Energy System	Busbar with Highest Active Power Dispatch	Busbar with Lowest Active Power Dispatch	Justification
WTs	Bus 6	Bus 9	Quantity of power dispatched by WTs at each bus was constrained by WT offer and bid prices, as well as the thermal limits of the lines
PVs	Bus 16	Bus 12	Amount of power dispatched by PVs at each bus was restricted by the offer and bid prices of PVs, as well as voltage limits at each bus

. The energy storage unit has two modes of operation: when energy price is low, it operates as a load and stores energy, and when energy price is high, it operates as a producer of energy and sells it on the market at a profit. Figure 9 and Figure 10 illustrate that scenario B, which employs a demand response strategy, had more charging and discharging of the energy storage unit than in scenario A. This was because the DR scheme allowed for the shifting of some loads to other low-demand periods. Furthermore, according to Figure 9, the ES unit was scheduled to charge at times 1–6 and 12–17 h (off-peak hours). During these hours, the ES unit was charged with a total of 49.3 kW of power. According to Figure 10, the ES unit was scheduled to discharge during times 7–11 and 18–24 h (peak hours). The ES unit discharged a total of 49.2 kW of power. The ESS performed well in terms of flattening the load curve and improving grid stability. This mitigated the dependency of VPP on the utility grid and also lowered its overall energy cost. The social welfare for both scenarios is shown in Figure 11. As can be observed, the SW is greater in scenario B than in scenario A. This is primarily attributed to DR scheme integration and the increased active power dispatched in scenario B, which allowed for a higher SW.

7. Conclusions

In this study, a new MB-VPP energy trading model was presented. It was composed of RESs, controllable loads participating in the DR program, and ESS operating in the day-ahead energy market. The proposed approach examined two different scenarios, one with and one without controllable loads participating in the DR program. The impact of both approaches on SW, WT, PV, and ESS active power dispatch and delivery capacity to load was analyzed. A scenario-based method was applied to model the uncertainties related to WTs, PVs, and load demand. The optimization problem was solved using a CPLEX solver in the GAMS environment. The numerical simulation of the proposed model demonstrated the effectiveness of the MB-VPP in supplying power to loads.
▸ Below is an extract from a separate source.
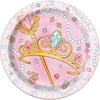 7" Jeweled Pink Princess Paper Dessert Plates, 8ct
• The active power dispatch capacity of WT and PV at each candidate bus was improved by 3% in scenario B over the planning horizon, owing to the integration of the DR program in the proposed model.
• Similarly, the controllable loads participating in the DR program used in scenario B also improved social welfare of the VPP by 3%.
• The proposed approach could persuade end users to engage in the electricity market to ease peak-period load on the power grid; therefore, contributing to power system reliability.

Further research of environmental goals could be incorporated into the VPP configuration in addition to pure economic optimization.